Emerging Applications and Innovation:

  • AI moved deeper into the lab: GPT-5 Pro helped immunologist Derya Unutmaz crack a three-year-old T-cell mystery (deoxyglucose disrupting IL-2 to enable Th17 specialization) and correctly predicted an unpublished experiment, while a Nature study showed an LLM agent in a sandboxed EHR autonomously taking histories, ordering tests, and proposing treatment—outperforming experienced clinicians within safety guidelines. (OpenAI, Nature)

  • Small models punched above their weight as Liquid AI released LFM2.5-230M—about one-tenth the size of Google's smallest Gemma 4—claiming it beats models 4x its size at data extraction and runs "anywhere," from phones to robotics. (VentureBeat)

  • On the research side, MIT paired an efficient algorithm with dedicated hardware to generate 3D navigation maps using minimal memory and power, boosting the speed and energy efficiency of embodied AI agents for robotics applications. (MIT News)

  • AI also compressed national-security R&D: the NNSA unveiled Aires Tide, an AI- and supercomputer-designed flight-test vehicle built about 7x faster and 15x cheaper than traditional methods—concept to flight-ready hardware in months, with two successful drop tests in May. (Energy.gov)

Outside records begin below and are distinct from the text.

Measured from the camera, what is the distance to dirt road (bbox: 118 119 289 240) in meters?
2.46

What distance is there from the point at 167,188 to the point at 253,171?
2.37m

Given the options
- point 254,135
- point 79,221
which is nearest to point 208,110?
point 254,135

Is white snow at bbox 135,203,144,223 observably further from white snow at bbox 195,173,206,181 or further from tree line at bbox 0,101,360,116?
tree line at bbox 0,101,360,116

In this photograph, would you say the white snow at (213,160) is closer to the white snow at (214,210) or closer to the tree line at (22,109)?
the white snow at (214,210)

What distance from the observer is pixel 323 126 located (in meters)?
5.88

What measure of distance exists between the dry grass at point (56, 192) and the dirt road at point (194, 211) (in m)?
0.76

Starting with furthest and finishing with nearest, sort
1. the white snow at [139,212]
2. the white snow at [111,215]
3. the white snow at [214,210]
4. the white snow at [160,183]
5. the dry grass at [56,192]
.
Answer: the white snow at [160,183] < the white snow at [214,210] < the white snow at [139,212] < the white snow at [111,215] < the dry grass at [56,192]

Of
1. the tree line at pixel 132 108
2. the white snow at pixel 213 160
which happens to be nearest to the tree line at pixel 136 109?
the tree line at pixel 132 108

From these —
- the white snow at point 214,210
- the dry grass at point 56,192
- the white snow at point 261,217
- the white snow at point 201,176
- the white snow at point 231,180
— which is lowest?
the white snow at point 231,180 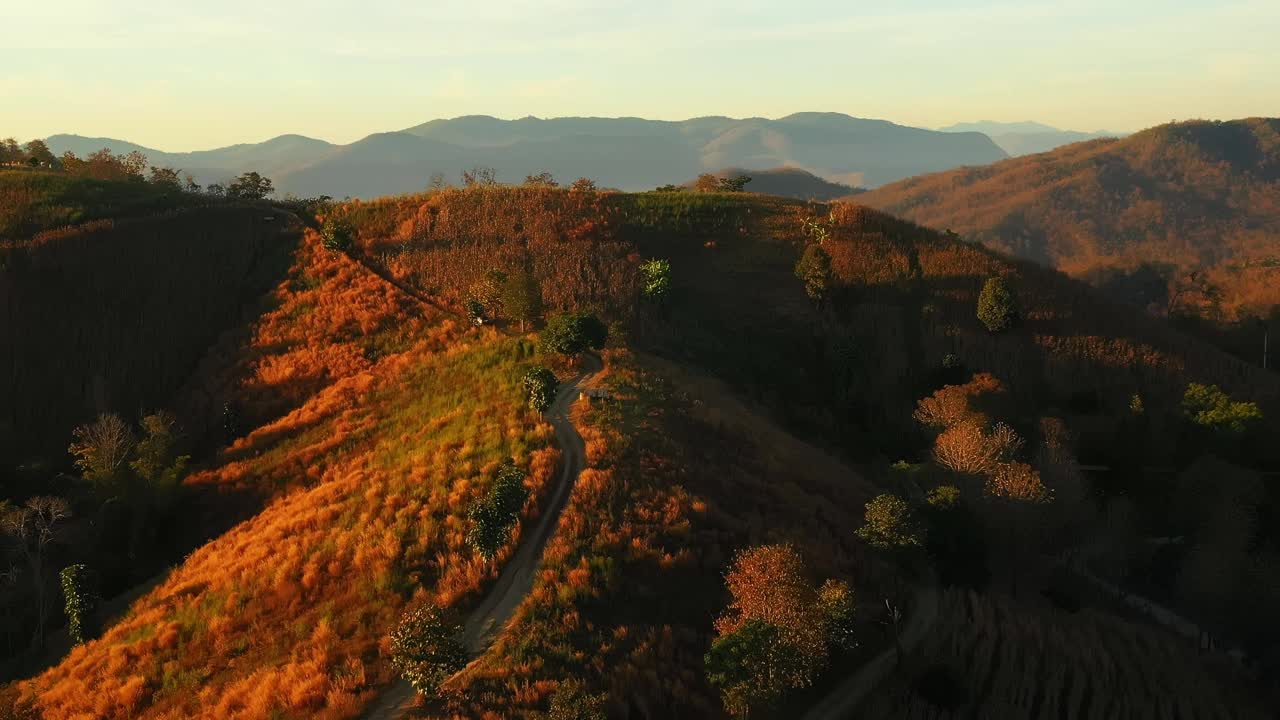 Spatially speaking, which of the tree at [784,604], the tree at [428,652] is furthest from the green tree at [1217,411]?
the tree at [428,652]

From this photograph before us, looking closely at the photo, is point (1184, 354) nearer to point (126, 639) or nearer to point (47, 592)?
point (126, 639)

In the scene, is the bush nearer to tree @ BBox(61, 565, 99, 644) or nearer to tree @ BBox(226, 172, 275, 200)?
tree @ BBox(226, 172, 275, 200)

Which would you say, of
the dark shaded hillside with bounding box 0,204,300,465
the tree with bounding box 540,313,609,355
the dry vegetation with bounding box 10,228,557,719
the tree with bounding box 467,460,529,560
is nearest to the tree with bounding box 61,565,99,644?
the dry vegetation with bounding box 10,228,557,719

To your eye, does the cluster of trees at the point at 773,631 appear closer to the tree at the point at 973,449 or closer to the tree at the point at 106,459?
the tree at the point at 973,449

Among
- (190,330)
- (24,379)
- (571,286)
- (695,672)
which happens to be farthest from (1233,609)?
(24,379)

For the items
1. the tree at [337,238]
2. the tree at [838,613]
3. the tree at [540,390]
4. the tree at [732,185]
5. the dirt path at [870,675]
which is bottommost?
the dirt path at [870,675]

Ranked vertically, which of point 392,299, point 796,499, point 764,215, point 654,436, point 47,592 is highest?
point 764,215
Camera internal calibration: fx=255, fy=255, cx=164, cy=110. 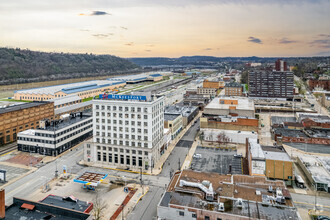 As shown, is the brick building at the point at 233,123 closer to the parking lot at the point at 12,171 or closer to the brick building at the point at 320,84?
the parking lot at the point at 12,171

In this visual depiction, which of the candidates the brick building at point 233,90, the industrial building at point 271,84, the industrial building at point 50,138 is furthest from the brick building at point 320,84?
the industrial building at point 50,138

  • A new NEJM study from OpenAI and Boston Children's Hospital used an AI model to re-analyze genetic data from 18 long-undiagnosed pediatric patients and crack cases that had stumped doctors for years—each answer confirmed by clinicians and a certified lab. (ABC News)

  • South Korea announced it will train its entire ~500,000-strong military to operate drones as a "second personal weapon," a marker of embodied and defense AI scaling to a whole force. (Ars Technica)

A theme runs through nearly every section this week: the era of frictionless AI rollouts is over. Governments are inserting themselves between models and markets, capital markets are demanding visibility into real costs before the big IPOs land, and the physical inputs—memory, chips, power—are finally expensive enough to change what consumers pay. The labs that thrive next will be the ones that can navigate not just the technical frontier, but the political and economic ones closing in around it.